Roger Clemens throws PR a curveball

Crisis PR has long been performed behind the "cover" of attorney-client privilege.

Crisis PR has long been performed behind the “cover” of attorney-client privilege. Two recent incidents raise serious questions about how far that cover extends and what the implications may be for PR firms operating in such environments.

The recent ruling by the courts in the Roger Clemens lawsuit with his former trainer on  whether information exchanged between a law firm and PR firm, during the representation of a common client, must be produced in a lawsuit should provide  real concern to PR professionals. Adding to this concern is the attempt by Major League Baseball to get Alex Rodriguez's PR representative to testify at the recent arbitration hearing that resulted in A-Rod being suspended for 162 games.

The attorney-client privilege specifically protects from disclosure confidential information that is shared between an attorney and a client that pertains to legal advice. Work product protection, by contrast, protects from disclosure the work product of an attorney, such as an attorney's mental impressions and notes. These legal doctrines, aimed at safeguarding information from one's adversary in a legal dispute, are not ordinarily applicable when the client or attorney divulges such information to a third party. 

Recognizing, however, that it may be necessary in certain situations for an attorney to utilize the skills of a professional, non-lawyer to properly represent a client, courts have carved out an exception to permit an attorney and non-lawyer professional, in certain instances, to exchange information freely, without it being subject to disclosure.

Between 2000 and 2003, several decisions were issued by federal judges in New York that focused on what types of information exchanged between lawyers and public relations firms may be deemed confidential and not subject to disclosure in a lawsuit. In a Calvin Klein lawsuit, the court refused to protect information shared between the plaintiff's counsel and its public relations firm, where the information failed to contain legal advice, but rather focused on the expected reaction by the market place to litigation related decisions and how to address them. The court deemed this information as ordinary public relations advice. The court did, however, invoke the work product protection to shield certain limited information, which was necessary for plaintiff's law firm to draft the complaint.

In Viacom v. Sumitomo, a public relations firm was hired by a law firm, which was defending a foreign client without a significant US presence in a copper trading scandal. The public relations firm helped the law firm prepare statements to the press, prepare internal documents designed to inform the defendant's employees about what could and could not be said about the scandal, and assist the defendant's counsel in preparing drafts of legal documents. The court in Viacom held that such information was privileged, and did not have to be disclosed, because the public relations firm was assisting the law firm in its legal representation of the mutual client.

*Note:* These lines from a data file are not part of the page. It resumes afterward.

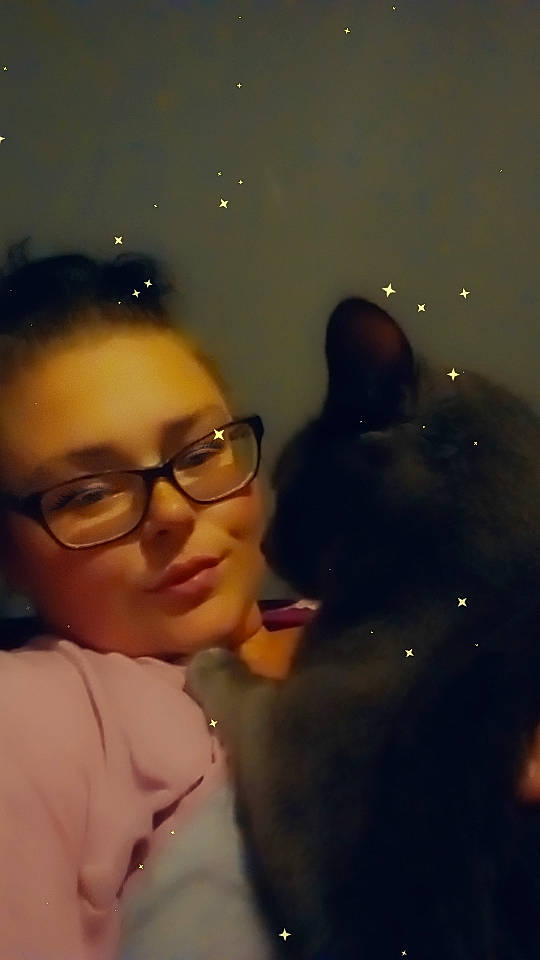 Stormy joined the competition — help win amazing prizes! black_hair, cool, darkness, ear, eyebrow, eyewear, felidae, fun, glasses, happy, lens_flare, midnight, mouth, nose, reflection, room, selfie, small_to_medium_sized_cats, vision_care, whiskers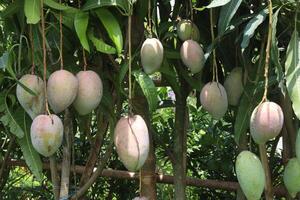 mango on tree in farm for sell photo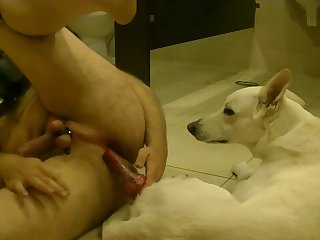 Kinky Dog Fuck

Despite the dearth of jurisprudence in New York on the privileged nature of information exchanged between law firms and PR firm during the past 10 years, the time was ripe to revisit this issue in light of the recent attention by the media on athletes. These include Lance Armstrong, Alex Rodriguez, and Roger Clemens, and the PR blitz used by those sports figures to counteract the allegations. On September 17, 2013, Magistrate Judge Cheryl Pollak issued a decision, which further defines the contours surrounding what information exchanged between law firms and public relations firms will be protected from disclosure.

In the Clemens lawsuit, Brian McNamee, Clemen's trainer, alleged that Clemens waged a PR campaign against McNamee in order to brand McNamee a liar, in retaliation for testimony given by McNamee to Congress that McNamee injected Clemens with PEDs.  In discovery, McNamee demanded that Clemens produce all communications he had with his PR strategist, Joe Householder, and Householder's firm, Public Strategies.

Clemens sought to shield that information from discovery, arguing that Householder was a member of the legal team and that Public Strategies had been hired to assist Clemens' legal team in devising legal strategy. However, the judge refused to adopt Clemens' arguments, holding that the vast majority of documents, which the former pitcher sought to protect from discovery, reflected standard PR and media services aimed at protecting Clemens' public image and reputation in the face of allegations that he used PEDs.

It is important for PR firms and lawyers to understand that unless information relates to legal advice -- not ordinary PR advice -- the information may very well be subject to disclosure in a lawsuit.